__Data for processing__:
◆ ◆ ◆ ◆ ◆ ◆ ◆

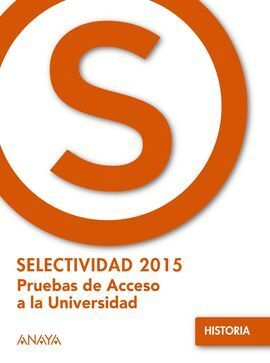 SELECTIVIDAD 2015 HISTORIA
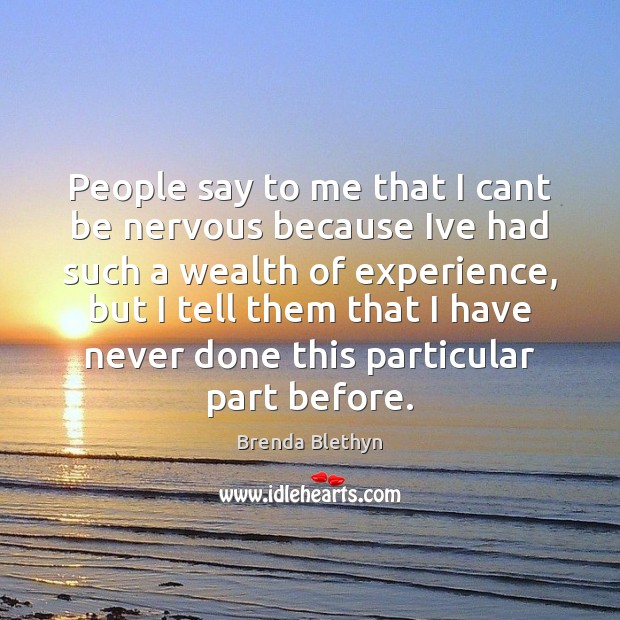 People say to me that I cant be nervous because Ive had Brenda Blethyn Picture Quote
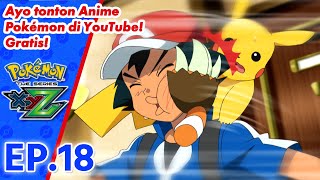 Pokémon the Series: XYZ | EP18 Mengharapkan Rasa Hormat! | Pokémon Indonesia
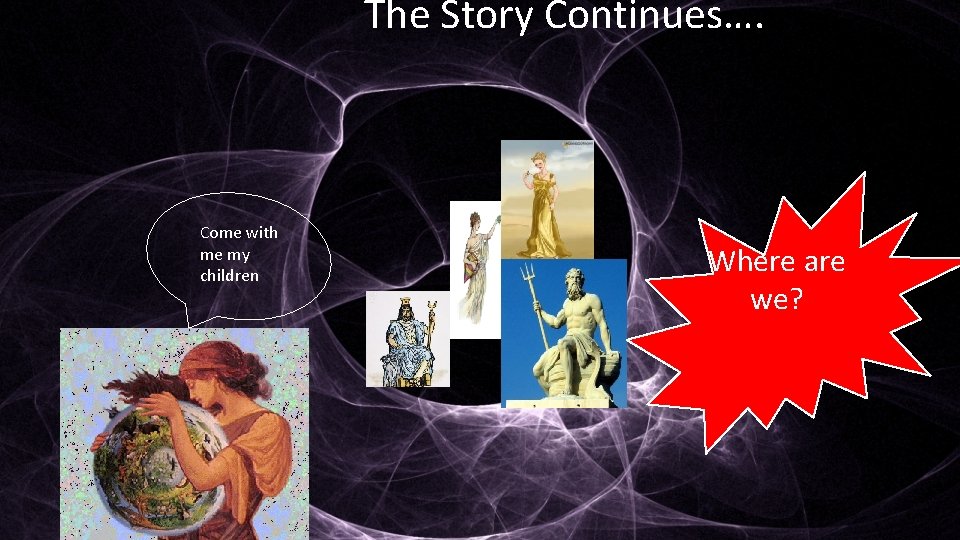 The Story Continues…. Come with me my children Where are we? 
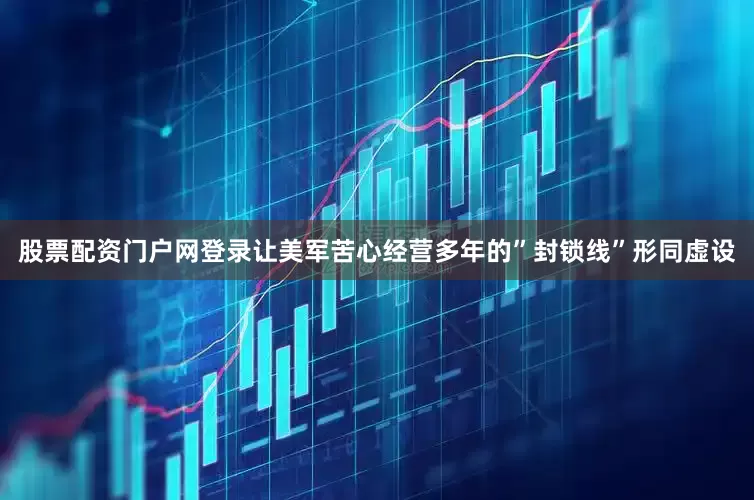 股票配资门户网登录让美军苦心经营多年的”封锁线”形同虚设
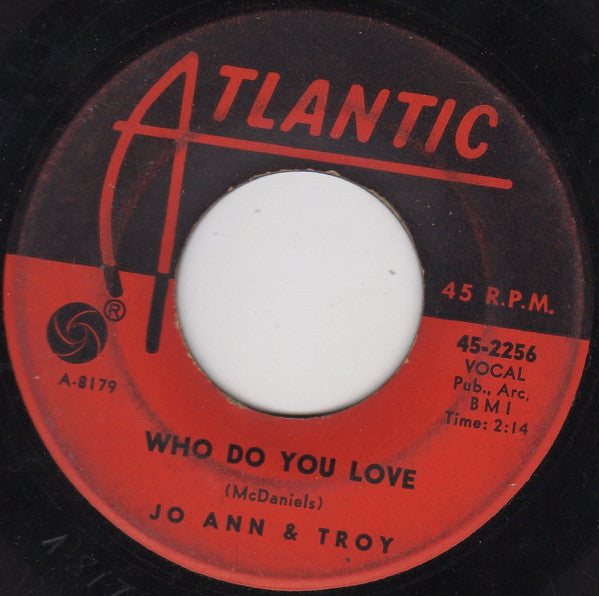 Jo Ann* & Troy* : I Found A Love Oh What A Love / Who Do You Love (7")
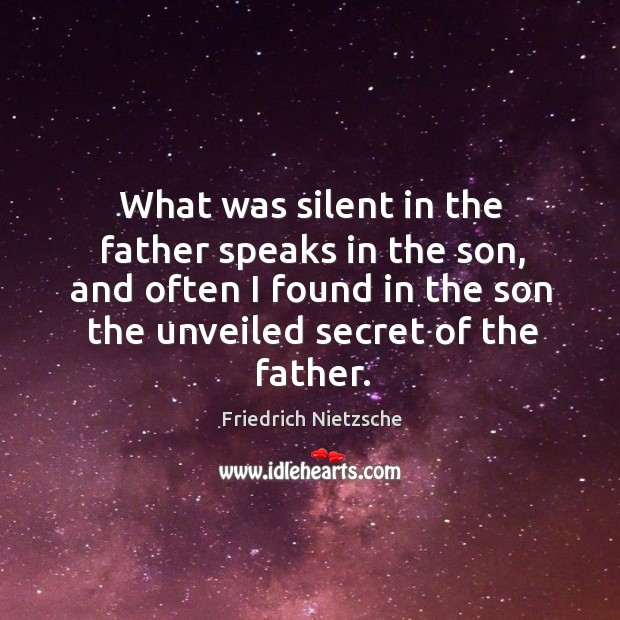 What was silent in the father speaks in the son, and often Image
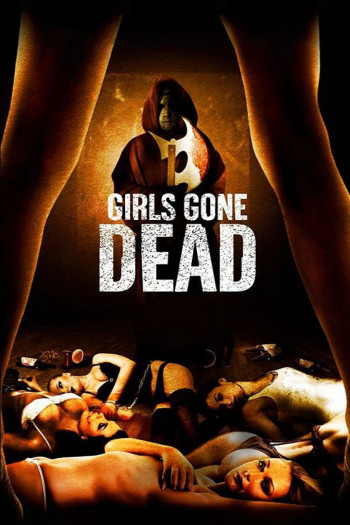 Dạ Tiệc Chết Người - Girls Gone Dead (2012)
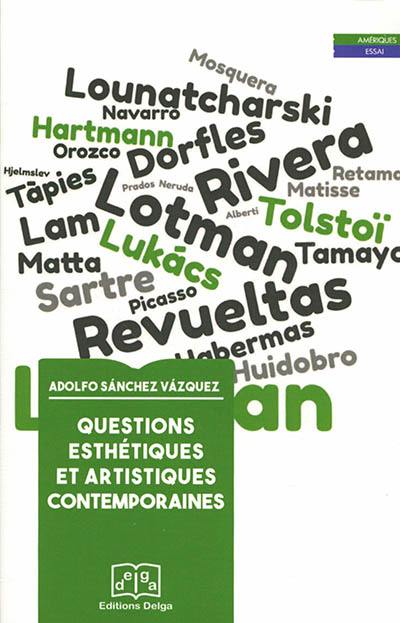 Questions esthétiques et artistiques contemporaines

◆ ◆ ◆ ◆ ◆ ◆ ◆

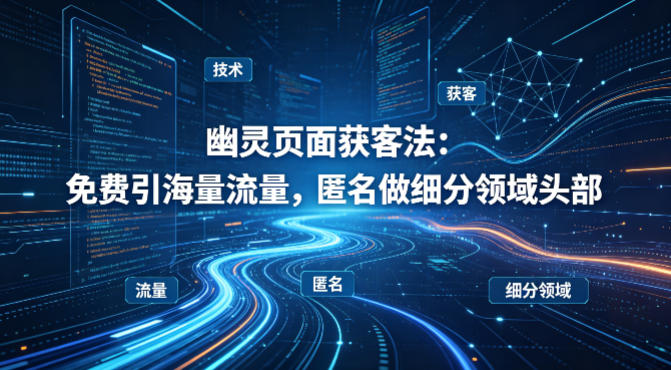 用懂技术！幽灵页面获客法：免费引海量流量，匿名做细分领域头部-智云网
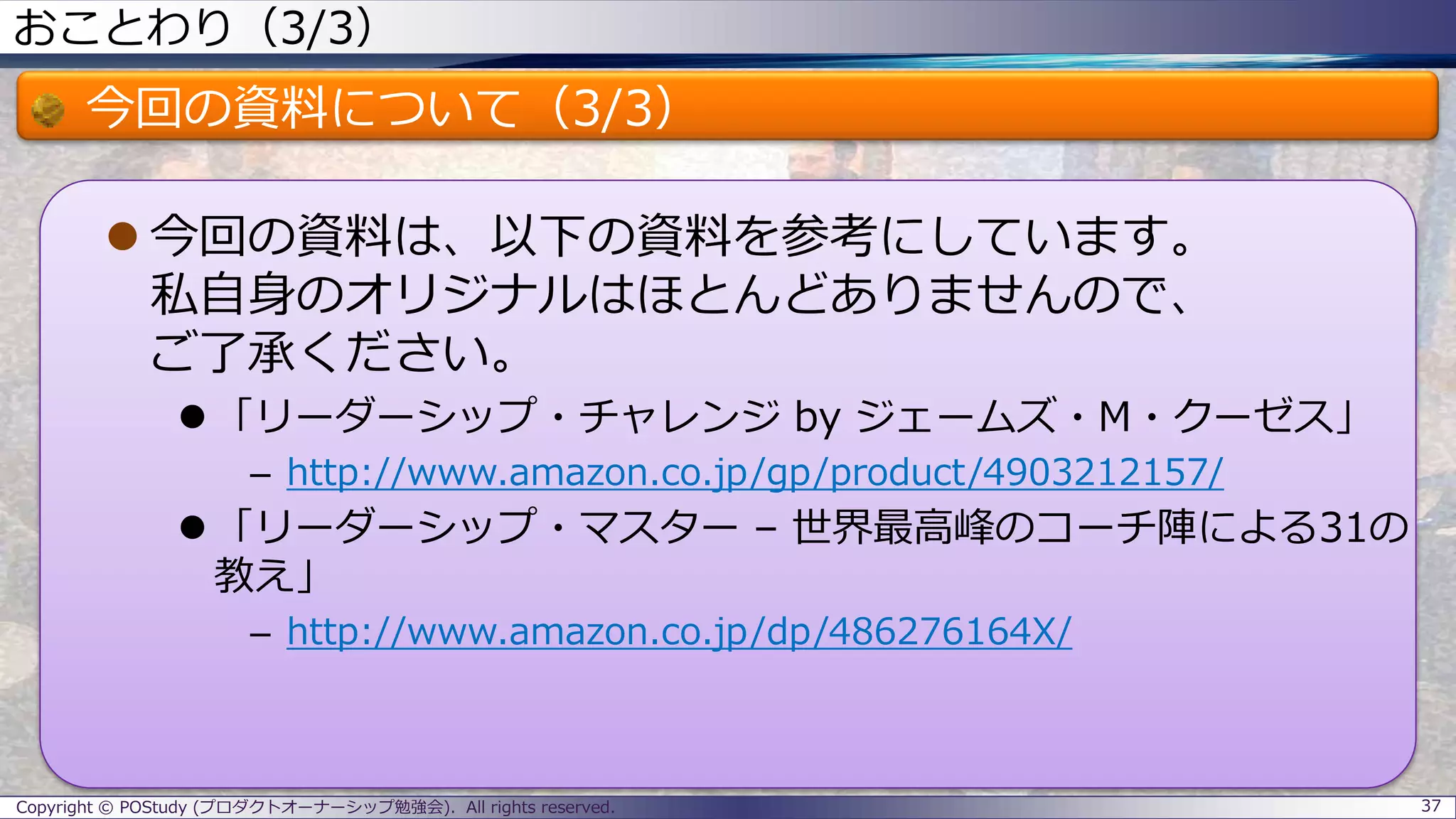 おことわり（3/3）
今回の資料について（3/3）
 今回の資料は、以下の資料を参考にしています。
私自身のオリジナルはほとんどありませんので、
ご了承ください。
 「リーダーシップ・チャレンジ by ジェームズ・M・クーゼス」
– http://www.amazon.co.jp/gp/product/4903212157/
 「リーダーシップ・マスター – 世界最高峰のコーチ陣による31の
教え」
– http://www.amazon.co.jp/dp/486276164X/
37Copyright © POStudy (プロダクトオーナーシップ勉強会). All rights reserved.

◆ ◆ ◆ ◆ ◆ ◆ ◆

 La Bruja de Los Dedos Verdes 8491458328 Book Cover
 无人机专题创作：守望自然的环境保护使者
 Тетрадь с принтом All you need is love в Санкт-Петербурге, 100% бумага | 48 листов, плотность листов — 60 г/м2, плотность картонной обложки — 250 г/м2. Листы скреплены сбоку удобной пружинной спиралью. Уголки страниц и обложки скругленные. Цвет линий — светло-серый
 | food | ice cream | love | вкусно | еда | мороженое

◆ ◆ ◆ ◆ ◆ ◆ ◆

__Task to complete__:
To answer, copy each line from the material above that has the word "http".

__Answer for this exercise__:
– http://www.amazon.co.jp/gp/product/4903212157/
– http://www.amazon.co.jp/dp/486276164X/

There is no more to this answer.